Armed with these facts about pH in the body and its association with inflammation, it’s compelling to consider the following possibility: It seems that every food theory that aims at decreasing inflammation and enhancing gut and brain health (based on the acidity/alkalinity of your food or not) are successful to at least some degree. Could the true reason for this be because of the net effect on tissue pH? Well, it’s not quite that simple. There’s a catch: People report a wide variety of results. So, does that mean all this food hype is bunk?

It’s certainly not “bunk,” per se, but it’s worth remembering that, if no measurable correlation exists between the acidifying influence of the food itself and a particular person’s body pH, then any results seen (whether good or bad) are likely a factor of that person individual’s biologic response based on his or her unique genetic profile.
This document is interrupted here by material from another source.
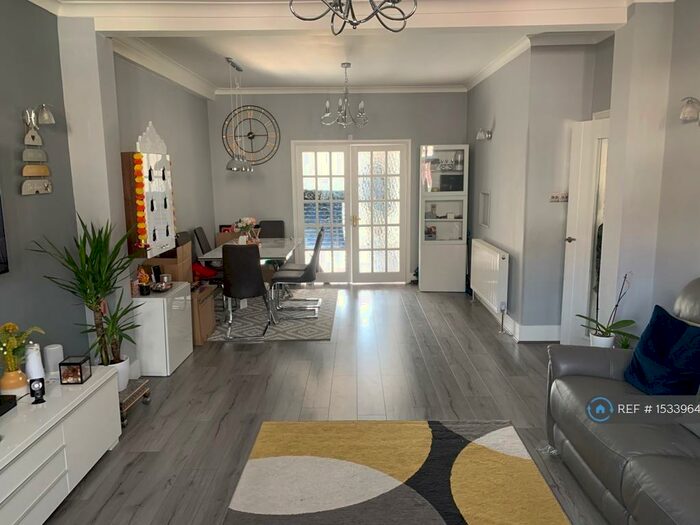 3 Bedroom Terraced House To Rent In Downshall Avenue, Ilford, IG3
So, what does that mean? It means that results are highly variable.

Which foods or airborne particles do your cells consider to be allergens (ie, foreign)? Firstly, this is something that changes as we age; secondly, it’s dictated by your genetic profile; and, thirdly, to complicate matters, outside influences (environmental, including stress) can change the responses of your genes to allergens.

These are the facts:

  1. In general, inflammation is at the root of dysfunction and disease.10
  2. Tissue acidity provides an environment conducive to inflammation.11

If we can avoid providing the perfect playground for pain and disease, then why shouldn’t we try? Exploring the foods and substances that expose your cells to the least amount of acidifying stress is a very personal journey. The array of widely touted food theories may be appropriate for some people and represent a good place to start, but you may find you’ll require some guidance from a natural medicine practitioner at some point to help you pinpoint what your specific situation calls for and the individual needs of your body.

For professionals in the dietetics field or those in the food industry to claim that what we eat doesn’t affect our health in this way seems a bit ironic and counter to the mission. I hope the conversation continues for the sake of shedding light on ways to minimize biochemical stress—whether that be through dietary changes, lifestyle modification, or in other ways—with the ultimate goal being to increase quality of life for all.

 

References

  1. Bray GE, Ying Z, Baillie LD, Zhai R, Mulligan SJ, Verge VM. Extracellular pH and neuronal depolarization serve as dynamic switches to rapidly mobilize trkA to the membrane of adult sensory neurons. J Neurosci. 2013;33(19):8202-8215.
  2. Ugawa S, Ueda T, Ishida Y, Nishigaki M, Shibata Y, Shimada S. Amiloride-blockable acid-sensing ion channels are leading acid sensors expressed in human nociceptors. J Clin Invest. 2002;110(8):1185-1190.
  3. Wu WL, Cheng CF, Sun WH, Wong CW, Chen CC. Targeting ASIC3 for pain, anxiety, and insulin resistance. Pharmacol Ther. 2012;134(2):127-138.
  4. Birklein F, Weber M, Ernst M, Riedl B, Neundorfer B, Handwerker HO. Experimental tissue acidosis leads to increased pain in complex regional pain syndrome (CRPS). Pain. 2000;87(2):227-234.
  5. Lin CC, Chen WN, Chen CJ, Lin YW, Zimmer A, Chen CC. An antinociceptive role for substance P in acid induced chronic muscle pain. Proc Natl Acad Sci USA. 2012;109(2):E76-E83.
  6. Steen KH, Steen AE, Kreysel HW, Reeh PW. Inflammatory mediators potentiate pain induced by experimental tissue acidosis. Pain. 1996;66(2-3):163-170.
  7. Uvnäs B, ed. Histamine and Histamine Antagonists. New York: Springer-Verlag; 1991.
  8. Hiller A, The effect of histamine on the acid-base balance. J Biol Chem. 1926;833-46.
  9. Rocha e Silva M, Rothschild HA. Histamine. Its chemistry, metabolism and physiological and pharmacological actions. Springer-Verlag Berlin Heidelberg GmbH. 1966:233.
  10. Cohen S, Janicki-Deverts D, Doyle WJ, Miller GE, Frank E, Rabin BS, Turner RB. Chronic stress, glucocorticoid receptor resistance, inflammation, and disease risk. Proc Natl Acad Sci U S A. 2012;109(16):5995-5999.
  11. Jankowski JA, ed. Inflammation and Gastrointestinal Cancers. New York: Springer; 2011.